Clare Stokolosa is an astute observer of the passing scene, visually writing stories about strangers on the train or Tuscan landscapes. She does these sympathetically, with honesty and a discerning eye.
Her new works are large and demand attention, then ask the viewer to supply a narrative – stories that extend past the rectangle’s boundary and into the viewer’s world.
Clare’s recent series, New York City Faces, began simply with her sketches of other riders on the subway. When expanded to larger than life dimensions, these sketchy drawings became forceful, lively and complete, with added watercolor washes defining shapes like stained glass objects: a brown bag, a red shirt or a green book.
Both line and color look spontaneous and are complementary – sharp clear lines contrasting with expressively brushed watercolor.
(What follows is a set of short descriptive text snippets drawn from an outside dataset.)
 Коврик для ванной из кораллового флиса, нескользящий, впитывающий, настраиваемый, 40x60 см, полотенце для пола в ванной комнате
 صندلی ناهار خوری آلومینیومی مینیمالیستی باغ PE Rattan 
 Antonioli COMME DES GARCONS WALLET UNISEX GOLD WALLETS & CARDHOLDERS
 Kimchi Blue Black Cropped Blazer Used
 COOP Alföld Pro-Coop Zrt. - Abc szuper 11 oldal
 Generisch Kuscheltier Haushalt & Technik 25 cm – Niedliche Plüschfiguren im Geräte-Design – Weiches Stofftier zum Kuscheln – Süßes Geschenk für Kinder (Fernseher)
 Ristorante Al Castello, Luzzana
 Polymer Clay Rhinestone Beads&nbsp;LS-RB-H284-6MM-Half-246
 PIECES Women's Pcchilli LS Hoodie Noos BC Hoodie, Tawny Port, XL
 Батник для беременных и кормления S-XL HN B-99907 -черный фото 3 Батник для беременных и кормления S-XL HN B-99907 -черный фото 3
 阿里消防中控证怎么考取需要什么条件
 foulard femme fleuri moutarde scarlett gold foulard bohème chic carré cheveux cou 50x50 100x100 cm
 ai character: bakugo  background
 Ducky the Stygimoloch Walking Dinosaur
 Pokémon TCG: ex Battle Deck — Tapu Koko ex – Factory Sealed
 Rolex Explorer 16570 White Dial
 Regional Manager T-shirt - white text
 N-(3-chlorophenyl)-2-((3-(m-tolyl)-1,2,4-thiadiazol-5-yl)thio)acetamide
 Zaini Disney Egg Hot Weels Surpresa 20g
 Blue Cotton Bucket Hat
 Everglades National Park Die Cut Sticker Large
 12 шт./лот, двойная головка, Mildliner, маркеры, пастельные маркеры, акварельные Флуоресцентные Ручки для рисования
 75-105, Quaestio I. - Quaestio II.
Paintings made for her Italian Landscape Series were similarly begun as sketches then painted with watercolor, giving each a whimsical atmospheric effect.
Looking at Clare’s work, I was reminded of two great artists.
Her characters are reminiscent of Daumier’s lithographs, but instead of his bristling critique of the social and political elite, Stokolosa’s paintings are sympathetic to all. They show everyday people doing everyday things – talking animatedly, lying on a train or reading a book. They are caricatures in the best sense of the word.
Another artist who comes to mind is Chagall. Where Chagall told stories from his Russian Jewish roots, Clare Stokolosa draws
inspiration from her Italian heritage and Astoria childhood. Her work shows a familiarity with New Yorkers, but also the Italian villages she visits each year, and a love of both.
Clare Stokolosa is a romantic realist, painting the prose of the street – poetically.